If he destroyed her faith, what had he to give her to fill its place? There was nothing in a string of negations to satisfy the hunger of a human soul. Granted that her faith was folly, that her religion was pure superstition, there was no denying that it was a very beautiful superstition, that it invested life with a grandeur that nothing else could give to it.
And, after all, was he so sure that he had found the ultimate truth? He had inscribed on his little banner Ne plus ultra, but had he any right to dogmatise more than others? There might be a farther "beyond" which faith could pierce. There might be truth which flesh and sense could never apprehend. There might be spirit as well as matter.
"I should like you to read me more from the same book," he said, at length.
"Oh!

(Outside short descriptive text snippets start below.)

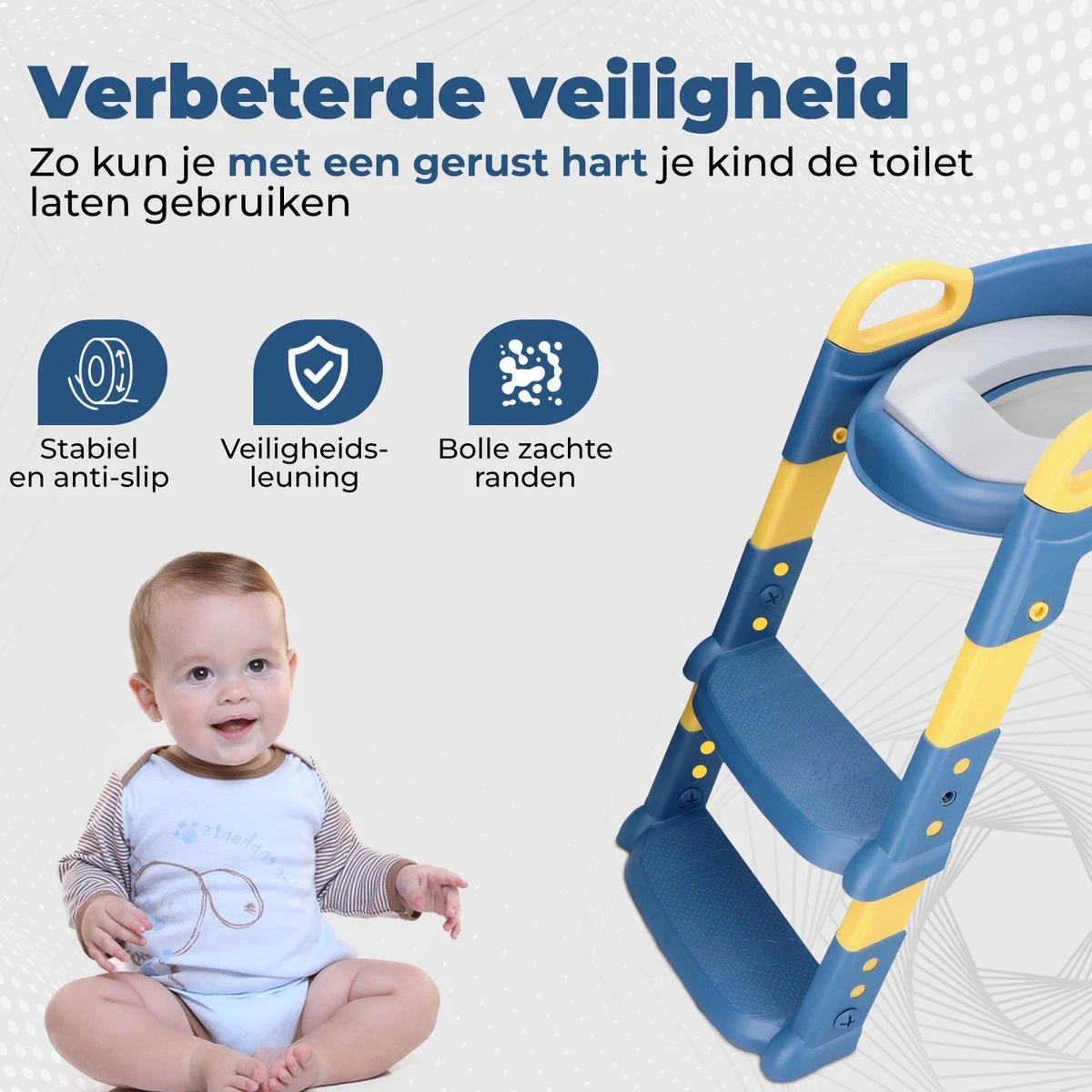 WC Verkleiner Met Trapje - Inclusief Handvaten - Opvouwbaar - 2 Tot 7 Jaar - Blauw Geel 6 WC Verkleiner Met Trapje - Inclusief Handvaten - Opvouwbaar - 2 Tot 7 Jaar - Blauw Geel - Afbeelding 4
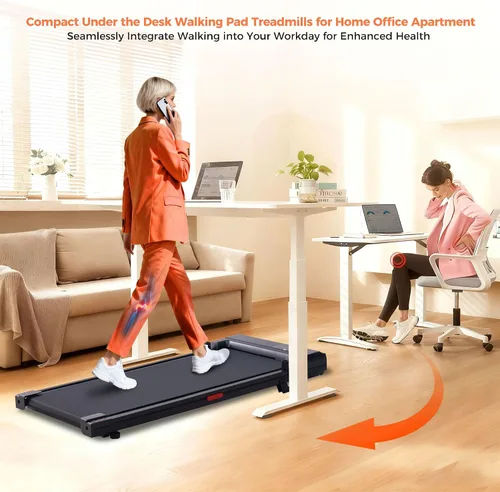 Miniatura 11 de Walking Pad Treadmill with Incline, 2026 Upgrade Portable Under Desk Treadmill for Home Small with Handles, 3.0HP Walking Pad with Handle Bar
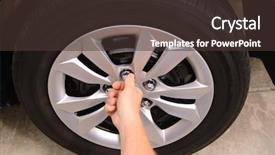  Presentation with tires - Audience pleasing theme consisting of employment replacement - mechanic replacing lug nuts backdrop and a  colored foreground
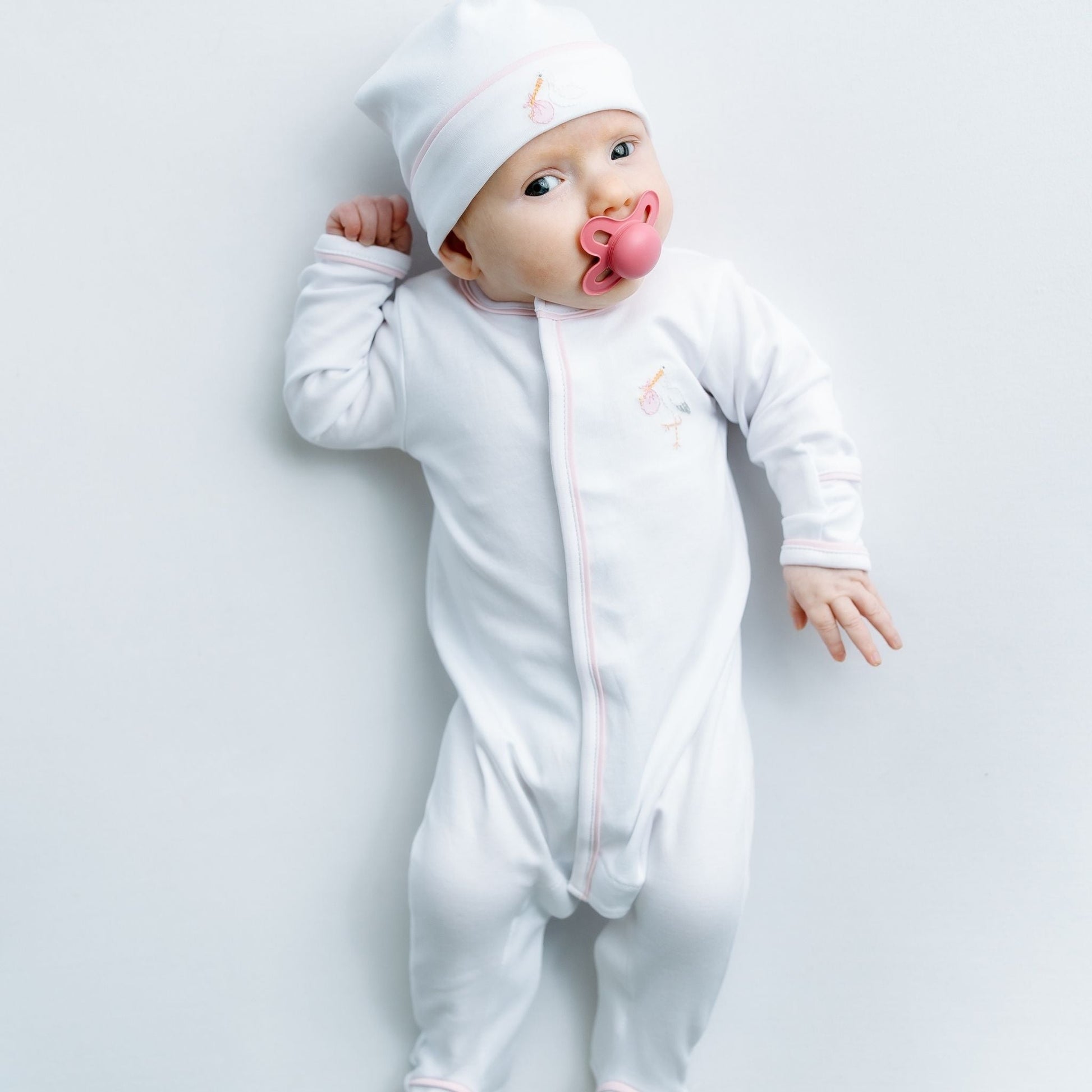 Vintage Stork Footie - Pink - Magnolia BabyFootie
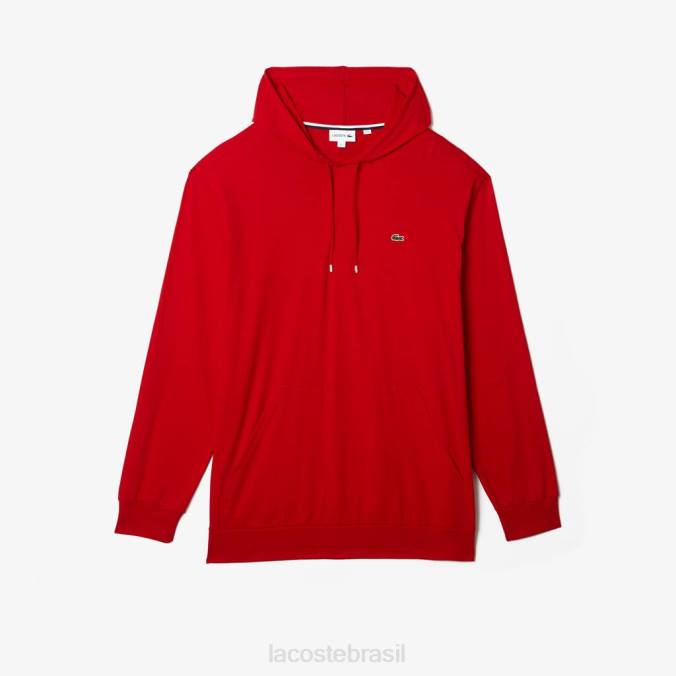 Lacoste homens camiseta com capuz e ajuste regular vermelho P2PX724 roupas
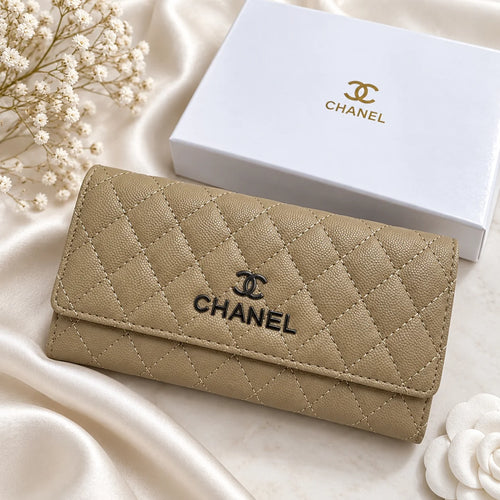 Chanel style quilted apricot beige women's long wallet with box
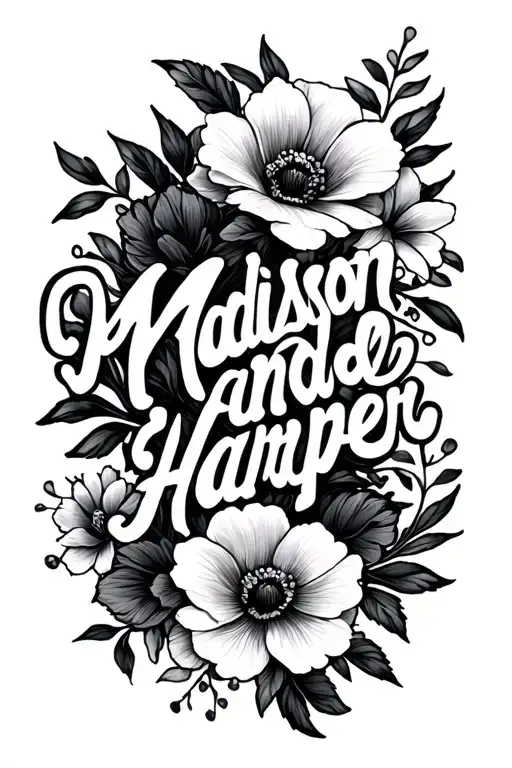 Madison And Harper Font With Flowers Intertwined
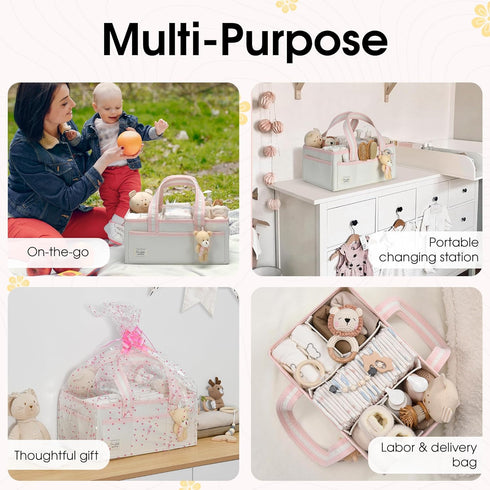PeraBella Baby Diaper Caddy Organizer, XL Baby Basket Shower Gift Caddy, Portable Felt Changing Table Basket, Nursery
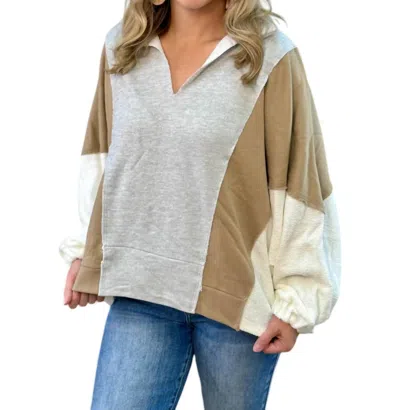 Bucketlist Oversized Contrast Pullover Top In Grey/taupe/white In Multi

I will do that with pleasure," she said, eagerly. "I knew you would like my dear old Quaker poet."
"He has the gift of expression," he answered, cautiously.
Then she began to read "The Eternal Goodness," slowly and reverently.
He closed his eyes again, and listened with wrapt attention. The beautiful faith of the poet seemed to strike a new chord in his being. Moreover, the religion in which he had been reared, and from which he had broken away, seemed a nobler and a Diviner thing than it had ever appeared to him before. Stripped of its human glosses and paraphrases, released from the rusty fetters of dogma, stated in simple language, it awoke a dormant emotion in his nature that had never been touched until now.
"Would you mind leaving the book with me when you go?" he questioned, when she had finished.
"Of course I will leave it," she answered.
"I am afraid I shall not see so much when I read it for myself," he went on. "There is so much in the right emphasis being given."